The housing crisis is impacting every state, and neither Republicans or Democrats have managed to solve it. No matter who has been president, whether George W. Bush, Barack Obama, Donald Trump or Joe Biden, the cost of housing has continued to rise faster than people’s incomes.

What’s the cause of high housing prices? While the experts bicker, most agree on the roots of the problem:

Starting two years ago, mortgage rates doubled, which cooled the housing market, but high prices linger. Private housing developers are still building but mainly for the wealthy, while governments focus on building low-income housing. That leaves no housing pipeline to respond to the needs of middle-class working families.

Indeed, the bipartisan consensus for developing so-called affordable housing has been to rely on “market rate housing” built by for-profit developers. But market rate housing is simply not affordable to most people.
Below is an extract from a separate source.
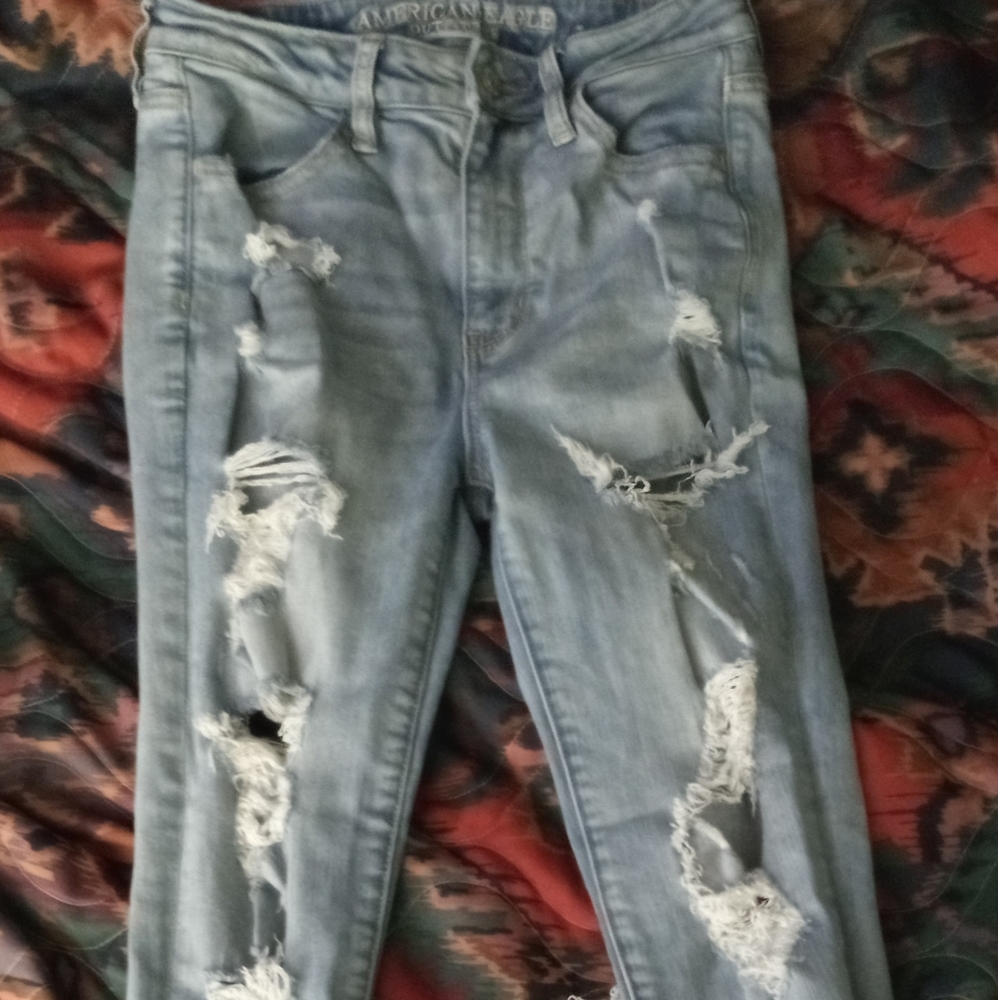 American eagle ripped jeans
That’s because the flatlining of wages for the last three decades amidst growing inequality means the average person cannot afford what the developers are willing to build. And affordable housing set-asides have been too meager to make up the difference.
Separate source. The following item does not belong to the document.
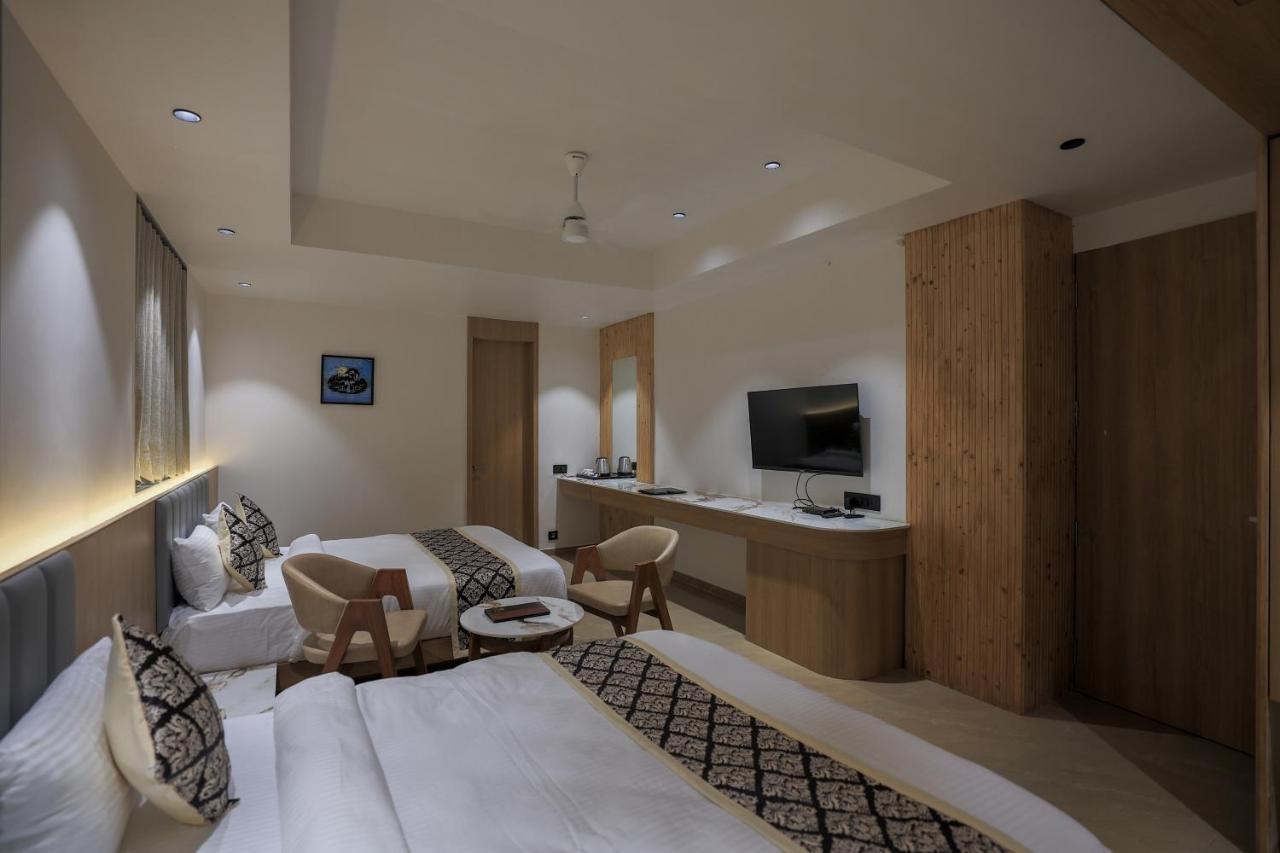 Hotel Aditya Mansingh Inn Somnāth Exteriör bild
So what housing policy would help? That’s a tough question. While America’s housing strategy is broken, other countries are trying an innovative solution known as “social housing.” Rather than U.S.-style public housing, which is reserved for the poor, social housing is open to a range of incomes.

In Vienna, Austria, a city of 2 million people, 25% of the housing stock is owned and managed by private — but nonprofit — housing developers. The developers receive low-interest loans and extended repayment periods (50 years), often to build on public land, which reduces construction costs. Residents pay no more than 25% of income for rent. Sometimes the developer is a housing co-operative or other nonprofit. I visited one social housing development built by a labor union.

Other countries such as Canada, the United Kingdom, Germany, France, Australia, Singapore, Taiwan and Uruguay also guide property markets with a public/private mix of social housing policies. Social housing recognizes that overreliance on the for-profit housing market often distorts prices, especially when housing demand is overheated like in recent years. If the proportion of social housing is high enough, it creates a parallel nonprofit market that acts as a brake on the free market forces that escalate mortgages, rents and speculation.

The U.S. in recent years has begun experimenting with social housing in places like Seattle and Montgomery County, Md. Rep. Adam Schiff, D-Calif., has co-authored a federal bill that seeks to make unused government buildings available for efforts like social housing. Sen. Sherrod Brown, D-Ohio, has introduced legislation to fund nonprofit housing development and to convert commercial properties into affordable housing.

But the United States has a lot of catching up to do. Comedian George Carlin once said, “It’s called the American dream because you have to be asleep to believe it.” To escape the bad dream of today’s housing crisis, the U.S. badly needs new thinking, public/private innovation and long-term investment.

Steven Hill was policy director for the Center for Humane Technology, co-founder of FairVote and political reform director at New America.